■ **PROBLEM TO SOLVE**
Take the records below and write them out again exactly.

:: PROVIDED MATERIAL ::

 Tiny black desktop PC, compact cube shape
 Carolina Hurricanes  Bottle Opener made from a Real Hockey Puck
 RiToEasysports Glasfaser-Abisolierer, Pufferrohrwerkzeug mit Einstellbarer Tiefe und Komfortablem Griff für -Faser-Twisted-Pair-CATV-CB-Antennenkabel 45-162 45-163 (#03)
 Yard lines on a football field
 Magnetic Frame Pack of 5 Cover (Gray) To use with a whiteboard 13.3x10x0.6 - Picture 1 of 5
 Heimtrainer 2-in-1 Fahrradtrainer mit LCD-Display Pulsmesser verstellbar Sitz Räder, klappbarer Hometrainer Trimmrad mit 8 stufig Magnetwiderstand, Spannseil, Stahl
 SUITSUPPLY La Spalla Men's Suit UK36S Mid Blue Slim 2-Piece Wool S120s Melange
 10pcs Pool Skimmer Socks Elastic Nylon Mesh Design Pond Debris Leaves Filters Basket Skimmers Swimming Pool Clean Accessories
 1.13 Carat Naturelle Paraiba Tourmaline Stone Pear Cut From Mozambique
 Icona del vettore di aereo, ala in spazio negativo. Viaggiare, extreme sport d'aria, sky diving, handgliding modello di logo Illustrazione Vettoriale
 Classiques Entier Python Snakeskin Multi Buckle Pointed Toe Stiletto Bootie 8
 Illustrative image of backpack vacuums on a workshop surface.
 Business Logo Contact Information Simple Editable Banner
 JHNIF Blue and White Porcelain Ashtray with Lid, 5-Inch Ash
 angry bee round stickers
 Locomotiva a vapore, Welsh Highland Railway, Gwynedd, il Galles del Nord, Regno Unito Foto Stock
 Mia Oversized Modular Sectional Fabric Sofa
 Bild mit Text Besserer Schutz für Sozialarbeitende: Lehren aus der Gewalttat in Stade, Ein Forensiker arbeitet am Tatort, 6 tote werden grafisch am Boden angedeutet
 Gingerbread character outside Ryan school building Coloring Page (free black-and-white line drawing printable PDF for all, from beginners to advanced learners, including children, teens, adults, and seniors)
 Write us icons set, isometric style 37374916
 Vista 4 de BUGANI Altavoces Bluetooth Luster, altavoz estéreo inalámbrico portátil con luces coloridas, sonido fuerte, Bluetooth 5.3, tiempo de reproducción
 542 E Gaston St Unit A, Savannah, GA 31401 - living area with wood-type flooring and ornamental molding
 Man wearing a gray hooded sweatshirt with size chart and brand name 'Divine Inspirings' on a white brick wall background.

:::

■ **REPLY**
 Tiny black desktop PC, compact cube shape
 Carolina Hurricanes  Bottle Opener made from a Real Hockey Puck
 RiToEasysports Glasfaser-Abisolierer, Pufferrohrwerkzeug mit Einstellbarer Tiefe und Komfortablem Griff für -Faser-Twisted-Pair-CATV-CB-Antennenkabel 45-162 45-163 (#03)
 Yard lines on a football field
 Magnetic Frame Pack of 5 Cover (Gray) To use with a whiteboard 13.3x10x0.6 - Picture 1 of 5
 Heimtrainer 2-in-1 Fahrradtrainer mit LCD-Display Pulsmesser verstellbar Sitz Räder, klappbarer Hometrainer Trimmrad mit 8 stufig Magnetwiderstand, Spannseil, Stahl
 SUITSUPPLY La Spalla Men's Suit UK36S Mid Blue Slim 2-Piece Wool S120s Melange
 10pcs Pool Skimmer Socks Elastic Nylon Mesh Design Pond Debris Leaves Filters Basket Skimmers Swimming Pool Clean Accessories
 1.13 Carat Naturelle Paraiba Tourmaline Stone Pear Cut From Mozambique
 Icona del vettore di aereo, ala in spazio negativo. Viaggiare, extreme sport d'aria, sky diving, handgliding modello di logo Illustrazione Vettoriale
 Classiques Entier Python Snakeskin Multi Buckle Pointed Toe Stiletto Bootie 8
 Illustrative image of backpack vacuums on a workshop surface.
 Business Logo Contact Information Simple Editable Banner
 JHNIF Blue and White Porcelain Ashtray with Lid, 5-Inch Ash
 angry bee round stickers
 Locomotiva a vapore, Welsh Highland Railway, Gwynedd, il Galles del Nord, Regno Unito Foto Stock
 Mia Oversized Modular Sectional Fabric Sofa
 Bild mit Text Besserer Schutz für Sozialarbeitende: Lehren aus der Gewalttat in Stade, Ein Forensiker arbeitet am Tatort, 6 tote werden grafisch am Boden angedeutet
 Gingerbread character outside Ryan school building Coloring Page (free black-and-white line drawing printable PDF for all, from beginners to advanced learners, including children, teens, adults, and seniors)
 Write us icons set, isometric style 37374916
 Vista 4 de BUGANI Altavoces Bluetooth Luster, altavoz estéreo inalámbrico portátil con luces coloridas, sonido fuerte, Bluetooth 5.3, tiempo de reproducción
 542 E Gaston St Unit A, Savannah, GA 31401 - living area with wood-type flooring and ornamental molding
 Man wearing a gray hooded sweatshirt with size chart and brand name 'Divine Inspirings' on a white brick wall background.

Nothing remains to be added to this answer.